◆ **What you are asked to do**:
Please return only the lines from the one holding "Estado de salud de Delfina Guzmán" through the one holding "<span class=keywords><strong>Rideau</strong></span> de", exactly as they appear in the records below, both ends included.

◆ **Information shown**:
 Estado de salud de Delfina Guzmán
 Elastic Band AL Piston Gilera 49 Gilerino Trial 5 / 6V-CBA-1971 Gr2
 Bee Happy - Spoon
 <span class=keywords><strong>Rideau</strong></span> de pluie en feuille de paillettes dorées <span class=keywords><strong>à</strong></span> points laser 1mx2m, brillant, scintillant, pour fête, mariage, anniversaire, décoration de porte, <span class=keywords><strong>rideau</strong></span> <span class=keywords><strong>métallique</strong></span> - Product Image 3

==

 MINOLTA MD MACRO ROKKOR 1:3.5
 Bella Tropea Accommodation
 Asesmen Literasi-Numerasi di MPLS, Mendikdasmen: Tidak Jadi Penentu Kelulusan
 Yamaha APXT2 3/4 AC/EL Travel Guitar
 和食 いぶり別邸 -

* * *

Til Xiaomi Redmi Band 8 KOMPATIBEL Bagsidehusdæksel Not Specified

◆ **Your solution**:
 Estado de salud de Delfina Guzmán
 Elastic Band AL Piston Gilera 49 Gilerino Trial 5 / 6V-CBA-1971 Gr2
 Bee Happy - Spoon
 <span class=keywords><strong>Rideau</strong></span> de pluie en feuille de paillettes dorées <span class=keywords><strong>à</strong></span> points laser 1mx2m, brillant, scintillant, pour fête, mariage, anniversaire, décoration de porte, <span class=keywords><strong>rideau</strong></span> <span class=keywords><strong>métallique</strong></span> - Product Image 3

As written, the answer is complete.